The attacks killed at least 44 people, and possibly many more. Gunmen and suicide bombers struck a popular restaurant and a mosque, shooting worshipers who had gathered for Quranic readings during Ramadan. The attacks brought the death toll from Boko Haram attacks in the last week to more than 200.
The carnage in Jos was devastating. There was an explosion at the Yantaya mosque, and worshipers began to flee. Umar Farouk Musa, a spokesman for J.N.I., or Jama’atu Nasril Islam, the country’s main Muslim organization, said that after the blast, “people emerged from nowhere, five of them, holding sophisticated arms, shooting sporadically into the crowd.”
Mr.

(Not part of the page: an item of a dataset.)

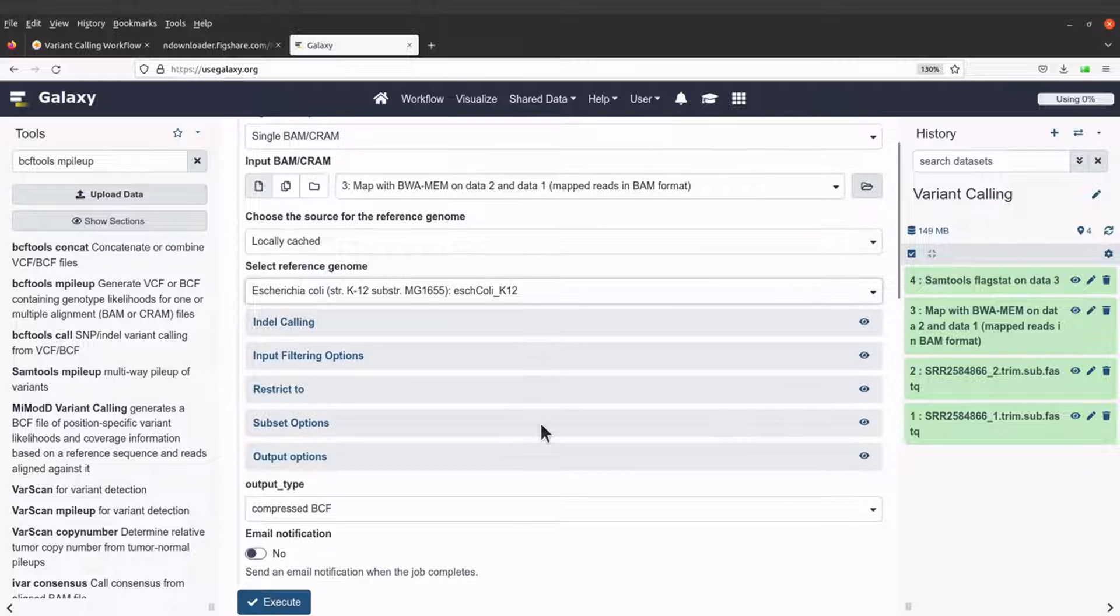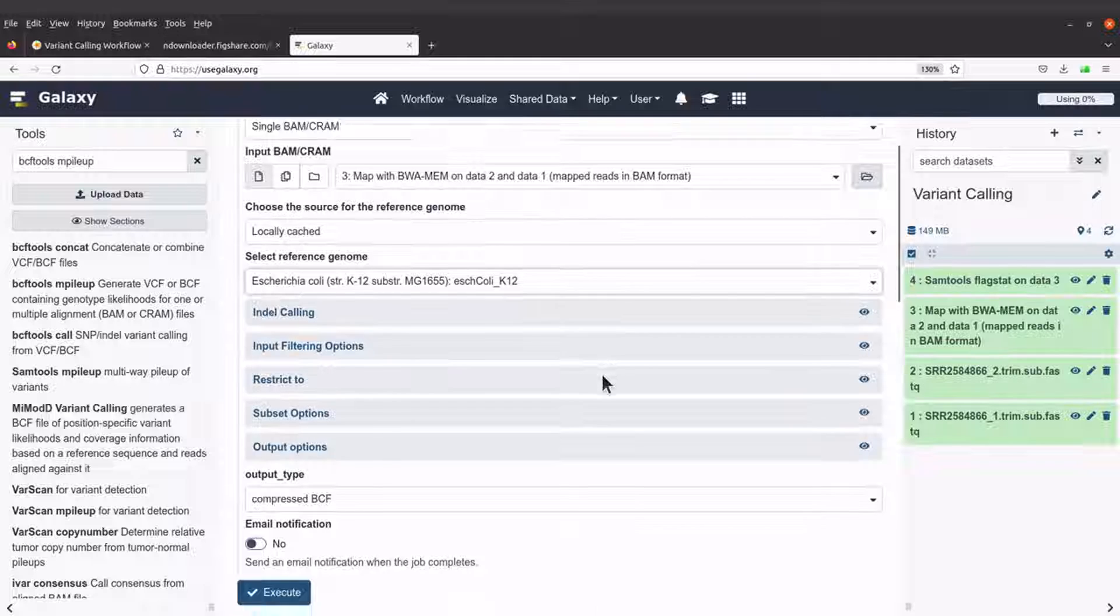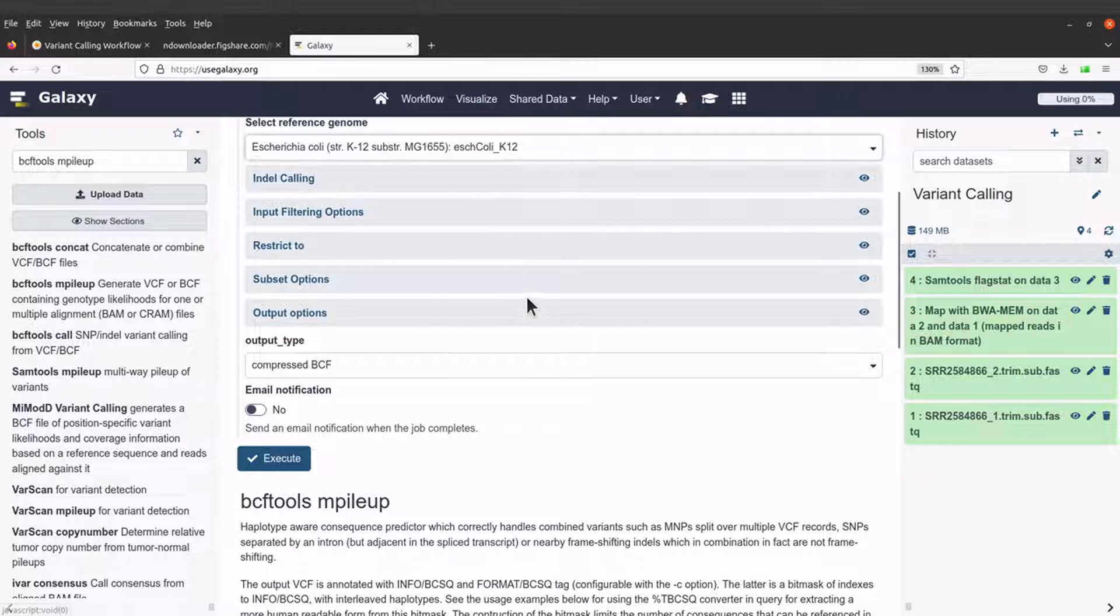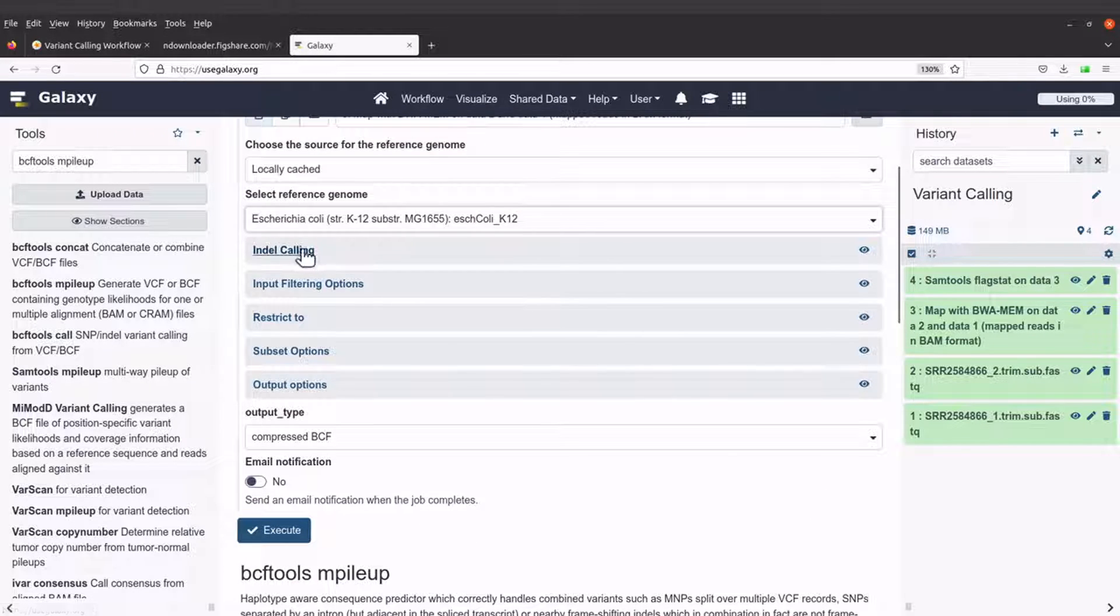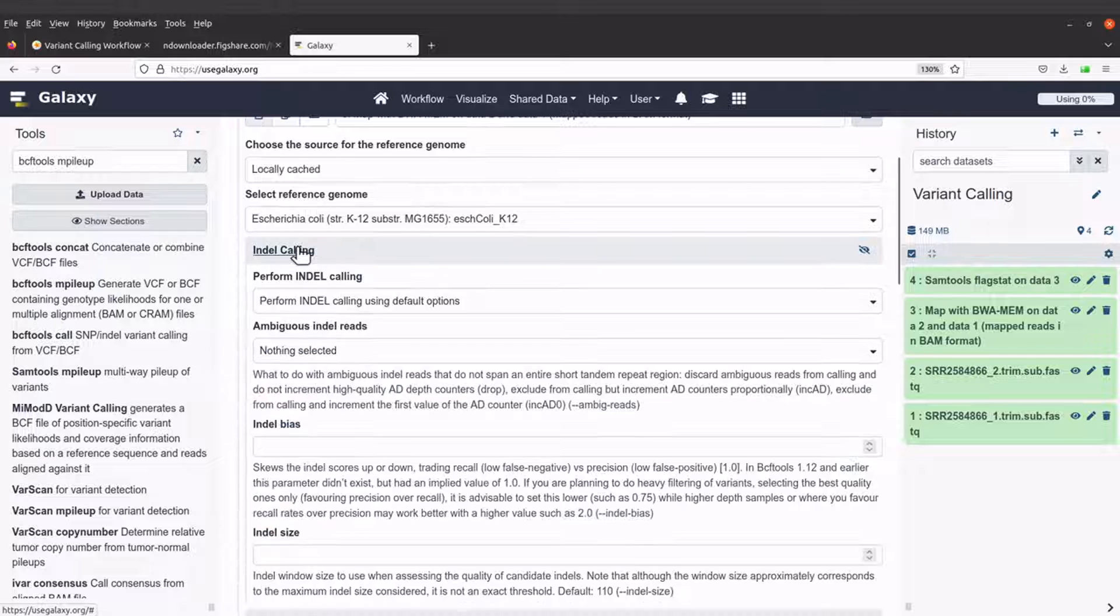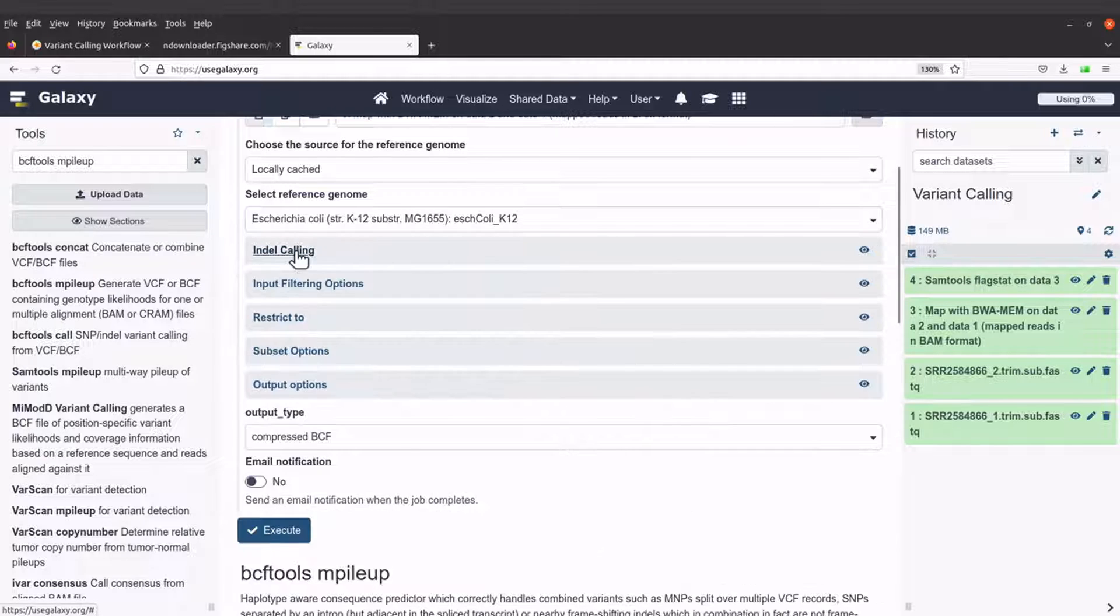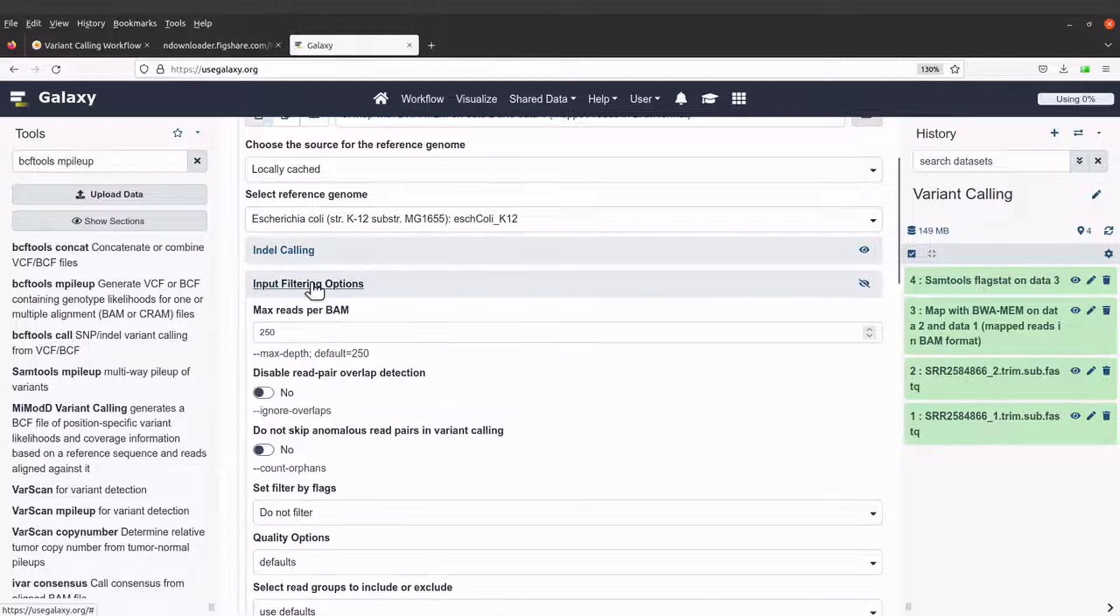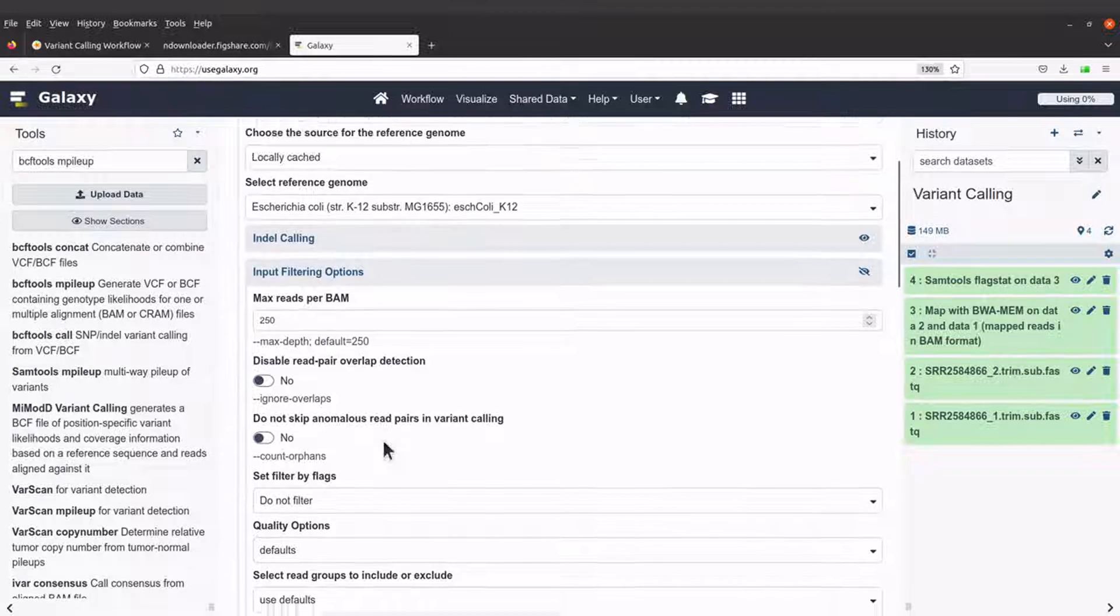Okay, so after that we'll look at another stuff here. Let's check on the input filtering to see what is there. Okay, I think we will leave this input filtering. But here you can do some filtering.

Musa said he witnessed the mosque attack. “We saw these people emerging from nowhere, covered with blankets,” he said in a telephone interview from Jos, referring to the gunmen. “Before we knew it, they disappeared into thin air. There were victims beyond what we could count.”
Photo
First African Church Mission in the central Nigerian city of Jos was attacked by a suicide bomber on Sunday. Credit Agence France-Presse — Getty Images
Mr. Musa said he had seen “more than 100 dead bodies,” though Nigerian media put the total death toll for the two attacks in Jos at half that figure.
The other attack, at a nearby site opposite the university in Jos, happened a few minutes earlier, when a suicide bomber walked into a restaurant and detonated his charge. Mr. Musa and colleagues arrived on the scene shortly afterward and “counted 15 dead bodies,” he said.
There have been deadly attacks in Nigeria almost daily over the last week, including several in villages in the north. Each has generally involved a bombing and indiscriminate shooting into crowds of civilians. A suicide bomber killed six people Sunday at a church in the northeast, and suicide bombers killed many civilians Friday in Maiduguri, the main city of the northeast.
The new Nigerian president, Muhammadu Buhari, is a former army general who has vowed to pursue a military campaign against Boko Haram more vigorously than his lackluster predecessor, Goodluck Jonathan. Mr. Buhari has already taken some measures, including moving the campaign’s nerve center to Borno State, where Boko Haram is strongest, and coordinating Nigeria’s efforts more closely with those of its neighbors Niger, Chad and Cameroon.
Analysts say that Boko Haram is responding by stepping up its attacks against civilian targets. “It’s a fallout from the pressure the federal government is mounting against the Boko Haram in the northeast,” said Muhammad Lawal Ishaq, the legal adviser at the central mosque in Jos. “They want to create diversionary tactics by attacking other soft spots,” he said.
After the church bombing on Sunday, Mr. Buhari’s spokesman talked of the government’s “total commitment to doing everything possible to eradicate Boko Haram, terrorism and mindless extremism from Nigeria in the shortest possible time.”